Records from a data collection
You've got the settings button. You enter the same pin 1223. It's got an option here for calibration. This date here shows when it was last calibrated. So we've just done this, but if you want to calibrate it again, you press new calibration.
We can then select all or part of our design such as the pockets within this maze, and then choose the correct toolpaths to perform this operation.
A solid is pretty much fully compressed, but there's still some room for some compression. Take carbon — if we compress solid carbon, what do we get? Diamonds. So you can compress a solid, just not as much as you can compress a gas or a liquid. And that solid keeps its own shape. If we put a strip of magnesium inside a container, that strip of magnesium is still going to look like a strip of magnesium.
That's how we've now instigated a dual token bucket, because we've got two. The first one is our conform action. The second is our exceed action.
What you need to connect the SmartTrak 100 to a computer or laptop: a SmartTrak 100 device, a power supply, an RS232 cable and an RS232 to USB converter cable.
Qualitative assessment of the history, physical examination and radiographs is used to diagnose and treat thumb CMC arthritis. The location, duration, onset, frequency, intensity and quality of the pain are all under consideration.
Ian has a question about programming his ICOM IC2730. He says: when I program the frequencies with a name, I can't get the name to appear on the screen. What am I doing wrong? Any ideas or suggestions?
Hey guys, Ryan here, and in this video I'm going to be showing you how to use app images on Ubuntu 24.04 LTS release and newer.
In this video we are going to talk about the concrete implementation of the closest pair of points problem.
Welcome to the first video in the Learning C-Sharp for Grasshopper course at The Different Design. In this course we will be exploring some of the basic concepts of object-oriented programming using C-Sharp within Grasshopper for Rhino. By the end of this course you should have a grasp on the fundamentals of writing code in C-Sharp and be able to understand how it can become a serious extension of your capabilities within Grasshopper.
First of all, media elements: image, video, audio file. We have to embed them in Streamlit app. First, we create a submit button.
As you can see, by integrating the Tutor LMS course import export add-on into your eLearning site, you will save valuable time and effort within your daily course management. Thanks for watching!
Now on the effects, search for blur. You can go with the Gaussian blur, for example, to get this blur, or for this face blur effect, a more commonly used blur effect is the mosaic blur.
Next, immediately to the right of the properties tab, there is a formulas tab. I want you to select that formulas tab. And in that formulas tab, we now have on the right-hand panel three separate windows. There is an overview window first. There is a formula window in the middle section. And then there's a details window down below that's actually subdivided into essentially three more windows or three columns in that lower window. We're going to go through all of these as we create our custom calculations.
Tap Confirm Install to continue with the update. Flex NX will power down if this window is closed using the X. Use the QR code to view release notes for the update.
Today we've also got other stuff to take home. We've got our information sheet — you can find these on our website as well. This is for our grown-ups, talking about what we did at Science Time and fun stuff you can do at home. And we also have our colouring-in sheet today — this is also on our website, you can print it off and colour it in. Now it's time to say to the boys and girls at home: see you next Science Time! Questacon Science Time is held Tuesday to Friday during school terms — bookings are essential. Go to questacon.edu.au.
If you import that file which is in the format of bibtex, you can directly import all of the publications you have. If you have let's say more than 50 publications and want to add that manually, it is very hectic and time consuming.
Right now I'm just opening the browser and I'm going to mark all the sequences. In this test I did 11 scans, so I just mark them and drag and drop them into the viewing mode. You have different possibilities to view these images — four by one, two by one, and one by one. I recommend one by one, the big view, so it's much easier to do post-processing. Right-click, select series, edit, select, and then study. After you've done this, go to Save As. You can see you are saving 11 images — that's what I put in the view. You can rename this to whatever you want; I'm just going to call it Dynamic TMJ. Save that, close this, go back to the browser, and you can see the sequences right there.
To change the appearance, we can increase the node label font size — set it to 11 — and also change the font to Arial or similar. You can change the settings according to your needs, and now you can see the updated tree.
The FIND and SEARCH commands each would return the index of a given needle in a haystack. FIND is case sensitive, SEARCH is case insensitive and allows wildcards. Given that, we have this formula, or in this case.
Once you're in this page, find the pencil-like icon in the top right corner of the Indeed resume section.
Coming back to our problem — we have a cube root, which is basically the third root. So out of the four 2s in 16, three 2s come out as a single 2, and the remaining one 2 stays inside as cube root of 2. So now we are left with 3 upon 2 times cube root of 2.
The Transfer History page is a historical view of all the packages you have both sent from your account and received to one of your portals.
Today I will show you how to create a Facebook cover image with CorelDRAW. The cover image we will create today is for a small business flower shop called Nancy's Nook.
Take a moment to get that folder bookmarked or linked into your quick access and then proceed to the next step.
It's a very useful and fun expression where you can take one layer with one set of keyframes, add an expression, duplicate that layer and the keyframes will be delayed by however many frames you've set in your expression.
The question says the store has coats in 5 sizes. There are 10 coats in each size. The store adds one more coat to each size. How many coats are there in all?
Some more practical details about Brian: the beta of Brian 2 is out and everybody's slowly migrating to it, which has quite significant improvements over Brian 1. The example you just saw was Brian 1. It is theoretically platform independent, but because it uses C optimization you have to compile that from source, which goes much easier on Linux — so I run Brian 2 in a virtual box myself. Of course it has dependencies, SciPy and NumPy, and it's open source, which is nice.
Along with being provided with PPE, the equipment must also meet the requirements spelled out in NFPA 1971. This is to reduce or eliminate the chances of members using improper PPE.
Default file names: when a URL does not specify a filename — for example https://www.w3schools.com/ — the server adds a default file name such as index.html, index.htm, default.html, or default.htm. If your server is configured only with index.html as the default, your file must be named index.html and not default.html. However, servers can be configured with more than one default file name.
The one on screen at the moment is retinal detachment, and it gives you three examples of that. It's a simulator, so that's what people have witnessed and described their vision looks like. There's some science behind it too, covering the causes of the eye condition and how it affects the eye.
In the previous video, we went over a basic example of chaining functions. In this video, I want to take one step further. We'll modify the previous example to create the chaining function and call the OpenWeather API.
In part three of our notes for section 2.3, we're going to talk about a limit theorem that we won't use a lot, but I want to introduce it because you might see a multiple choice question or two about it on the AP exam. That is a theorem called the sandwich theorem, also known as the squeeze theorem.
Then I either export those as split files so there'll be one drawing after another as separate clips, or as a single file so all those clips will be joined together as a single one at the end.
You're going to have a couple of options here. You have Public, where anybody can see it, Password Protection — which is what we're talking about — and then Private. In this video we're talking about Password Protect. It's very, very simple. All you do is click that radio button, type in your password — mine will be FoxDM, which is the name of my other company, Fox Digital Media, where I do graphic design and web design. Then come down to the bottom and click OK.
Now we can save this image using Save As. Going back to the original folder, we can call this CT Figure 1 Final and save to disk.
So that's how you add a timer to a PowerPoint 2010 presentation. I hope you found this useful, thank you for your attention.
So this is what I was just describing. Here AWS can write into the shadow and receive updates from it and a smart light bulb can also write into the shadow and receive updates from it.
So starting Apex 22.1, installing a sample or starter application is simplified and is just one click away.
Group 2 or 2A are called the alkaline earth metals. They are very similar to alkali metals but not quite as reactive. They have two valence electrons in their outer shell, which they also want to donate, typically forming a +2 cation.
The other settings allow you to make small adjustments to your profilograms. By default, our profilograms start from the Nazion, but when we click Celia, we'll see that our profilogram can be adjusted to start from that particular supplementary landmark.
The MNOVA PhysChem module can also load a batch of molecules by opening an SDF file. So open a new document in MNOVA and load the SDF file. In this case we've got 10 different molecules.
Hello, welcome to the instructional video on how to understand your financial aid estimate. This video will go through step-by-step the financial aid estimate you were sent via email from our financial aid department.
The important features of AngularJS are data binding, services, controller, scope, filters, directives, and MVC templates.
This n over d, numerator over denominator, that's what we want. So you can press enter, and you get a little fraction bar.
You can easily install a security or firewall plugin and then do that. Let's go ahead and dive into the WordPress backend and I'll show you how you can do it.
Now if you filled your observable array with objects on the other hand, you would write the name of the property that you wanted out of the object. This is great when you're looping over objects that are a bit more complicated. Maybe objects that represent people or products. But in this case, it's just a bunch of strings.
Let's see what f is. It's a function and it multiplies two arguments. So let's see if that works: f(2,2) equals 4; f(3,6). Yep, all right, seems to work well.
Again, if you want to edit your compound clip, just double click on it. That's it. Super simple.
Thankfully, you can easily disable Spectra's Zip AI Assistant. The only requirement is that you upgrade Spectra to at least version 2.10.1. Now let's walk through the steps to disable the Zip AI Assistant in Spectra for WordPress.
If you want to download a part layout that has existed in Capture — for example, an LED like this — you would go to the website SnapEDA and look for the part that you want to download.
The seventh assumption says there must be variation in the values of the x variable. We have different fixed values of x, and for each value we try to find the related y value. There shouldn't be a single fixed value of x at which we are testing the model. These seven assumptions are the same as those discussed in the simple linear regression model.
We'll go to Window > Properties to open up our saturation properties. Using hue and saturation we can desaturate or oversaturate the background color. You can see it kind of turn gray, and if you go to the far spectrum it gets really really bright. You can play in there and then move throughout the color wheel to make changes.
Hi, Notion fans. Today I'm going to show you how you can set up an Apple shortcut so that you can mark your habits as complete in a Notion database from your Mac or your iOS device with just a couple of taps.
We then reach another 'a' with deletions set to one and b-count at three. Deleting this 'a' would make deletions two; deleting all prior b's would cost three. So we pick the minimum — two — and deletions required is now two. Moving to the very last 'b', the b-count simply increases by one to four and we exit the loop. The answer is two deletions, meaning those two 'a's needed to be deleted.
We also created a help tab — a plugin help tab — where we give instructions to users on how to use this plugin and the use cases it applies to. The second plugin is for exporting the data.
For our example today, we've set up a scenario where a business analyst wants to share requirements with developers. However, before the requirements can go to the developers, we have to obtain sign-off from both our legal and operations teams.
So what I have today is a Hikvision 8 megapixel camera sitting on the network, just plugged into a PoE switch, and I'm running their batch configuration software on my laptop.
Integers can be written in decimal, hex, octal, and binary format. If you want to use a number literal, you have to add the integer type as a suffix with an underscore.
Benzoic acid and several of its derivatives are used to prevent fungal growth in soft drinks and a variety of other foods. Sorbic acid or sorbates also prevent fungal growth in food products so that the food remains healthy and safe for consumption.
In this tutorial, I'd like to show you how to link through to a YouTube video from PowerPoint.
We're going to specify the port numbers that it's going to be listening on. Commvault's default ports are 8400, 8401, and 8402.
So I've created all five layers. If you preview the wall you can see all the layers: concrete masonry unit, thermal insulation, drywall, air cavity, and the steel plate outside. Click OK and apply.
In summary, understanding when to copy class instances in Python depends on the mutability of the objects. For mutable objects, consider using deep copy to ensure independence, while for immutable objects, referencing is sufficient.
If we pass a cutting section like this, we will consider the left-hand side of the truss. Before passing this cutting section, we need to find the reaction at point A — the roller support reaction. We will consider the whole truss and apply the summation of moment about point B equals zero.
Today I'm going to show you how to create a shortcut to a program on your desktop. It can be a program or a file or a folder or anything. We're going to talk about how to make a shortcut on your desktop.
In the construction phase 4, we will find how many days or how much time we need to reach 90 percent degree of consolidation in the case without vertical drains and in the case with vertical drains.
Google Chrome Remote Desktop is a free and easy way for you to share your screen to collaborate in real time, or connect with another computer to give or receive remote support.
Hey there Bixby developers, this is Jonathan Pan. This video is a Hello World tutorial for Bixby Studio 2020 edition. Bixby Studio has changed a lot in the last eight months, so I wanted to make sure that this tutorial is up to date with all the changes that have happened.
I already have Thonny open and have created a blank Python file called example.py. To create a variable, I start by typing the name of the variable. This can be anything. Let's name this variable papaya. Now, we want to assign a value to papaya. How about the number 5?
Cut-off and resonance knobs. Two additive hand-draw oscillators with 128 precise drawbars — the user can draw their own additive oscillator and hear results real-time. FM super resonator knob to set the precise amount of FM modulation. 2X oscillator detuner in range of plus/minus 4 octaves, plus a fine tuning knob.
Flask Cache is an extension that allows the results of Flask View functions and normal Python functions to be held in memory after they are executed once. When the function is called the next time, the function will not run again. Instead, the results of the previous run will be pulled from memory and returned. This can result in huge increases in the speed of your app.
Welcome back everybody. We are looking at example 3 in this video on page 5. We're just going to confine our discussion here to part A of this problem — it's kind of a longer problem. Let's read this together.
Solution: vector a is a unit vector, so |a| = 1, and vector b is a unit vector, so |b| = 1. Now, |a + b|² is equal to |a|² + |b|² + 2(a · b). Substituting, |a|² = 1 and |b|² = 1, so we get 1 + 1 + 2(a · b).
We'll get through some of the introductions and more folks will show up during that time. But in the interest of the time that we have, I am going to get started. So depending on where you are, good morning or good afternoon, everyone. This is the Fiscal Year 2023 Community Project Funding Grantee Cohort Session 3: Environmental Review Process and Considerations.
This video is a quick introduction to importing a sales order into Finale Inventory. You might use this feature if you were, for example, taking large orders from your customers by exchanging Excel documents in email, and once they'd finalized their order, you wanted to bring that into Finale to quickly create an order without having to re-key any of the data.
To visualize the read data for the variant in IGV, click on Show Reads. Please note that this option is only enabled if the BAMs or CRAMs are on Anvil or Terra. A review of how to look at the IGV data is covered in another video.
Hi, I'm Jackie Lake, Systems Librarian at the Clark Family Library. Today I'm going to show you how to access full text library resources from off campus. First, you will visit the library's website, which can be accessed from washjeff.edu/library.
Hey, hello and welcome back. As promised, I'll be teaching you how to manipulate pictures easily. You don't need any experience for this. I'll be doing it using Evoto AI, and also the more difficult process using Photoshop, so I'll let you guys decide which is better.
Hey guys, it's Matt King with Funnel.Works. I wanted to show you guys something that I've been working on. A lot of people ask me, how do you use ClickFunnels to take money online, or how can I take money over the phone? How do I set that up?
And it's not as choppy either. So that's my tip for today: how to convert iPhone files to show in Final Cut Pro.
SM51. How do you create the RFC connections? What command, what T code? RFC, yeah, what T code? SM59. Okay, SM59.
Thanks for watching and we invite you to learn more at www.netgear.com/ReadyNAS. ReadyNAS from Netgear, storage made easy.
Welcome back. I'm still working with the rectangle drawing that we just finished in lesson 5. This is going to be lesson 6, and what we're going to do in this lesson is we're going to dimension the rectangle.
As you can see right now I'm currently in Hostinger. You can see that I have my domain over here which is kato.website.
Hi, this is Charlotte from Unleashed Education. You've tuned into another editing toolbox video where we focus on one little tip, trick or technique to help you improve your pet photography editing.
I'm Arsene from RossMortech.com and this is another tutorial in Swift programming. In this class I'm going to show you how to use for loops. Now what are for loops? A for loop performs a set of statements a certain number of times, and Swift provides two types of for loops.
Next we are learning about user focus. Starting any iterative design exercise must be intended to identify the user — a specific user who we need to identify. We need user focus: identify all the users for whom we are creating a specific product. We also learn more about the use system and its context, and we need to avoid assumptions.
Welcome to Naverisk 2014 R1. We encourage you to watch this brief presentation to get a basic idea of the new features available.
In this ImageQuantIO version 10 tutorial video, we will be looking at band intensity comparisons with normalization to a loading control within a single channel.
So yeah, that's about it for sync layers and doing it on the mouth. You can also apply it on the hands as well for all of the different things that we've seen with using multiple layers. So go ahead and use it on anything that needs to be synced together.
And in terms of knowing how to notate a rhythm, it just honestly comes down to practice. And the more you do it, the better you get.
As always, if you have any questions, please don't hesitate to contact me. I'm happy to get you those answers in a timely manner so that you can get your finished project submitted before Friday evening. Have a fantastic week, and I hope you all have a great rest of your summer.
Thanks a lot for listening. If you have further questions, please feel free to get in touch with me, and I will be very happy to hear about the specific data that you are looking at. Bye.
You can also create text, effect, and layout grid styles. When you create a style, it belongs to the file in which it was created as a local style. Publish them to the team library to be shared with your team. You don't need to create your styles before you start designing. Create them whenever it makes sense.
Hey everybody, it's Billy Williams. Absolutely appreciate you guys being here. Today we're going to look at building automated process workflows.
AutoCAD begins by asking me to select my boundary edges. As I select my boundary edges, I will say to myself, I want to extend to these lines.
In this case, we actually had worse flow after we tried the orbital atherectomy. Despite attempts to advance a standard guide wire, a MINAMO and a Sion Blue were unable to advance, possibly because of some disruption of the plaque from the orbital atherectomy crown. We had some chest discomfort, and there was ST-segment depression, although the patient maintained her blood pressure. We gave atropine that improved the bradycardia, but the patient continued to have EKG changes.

* Task instructions
Word for word, restate the lines above from the line containing "Along with being" through the line containing "The one on screen", with both included and nothing else.

* Task response
Along with being provided with PPE, the equipment must also meet the requirements spelled out in NFPA 1971. This is to reduce or eliminate the chances of members using improper PPE.
Default file names: when a URL does not specify a filename — for example https://www.w3schools.com/ — the server adds a default file name such as index.html, index.htm, default.html, or default.htm. If your server is configured only with index.html as the default, your file must be named index.html and not default.html. However, servers can be configured with more than one default file name.
The one on screen at the moment is retinal detachment, and it gives you three examples of that. It's a simulator, so that's what people have witnessed and described their vision looks like. There's some science behind it too, covering the causes of the eye condition and how it affects the eye.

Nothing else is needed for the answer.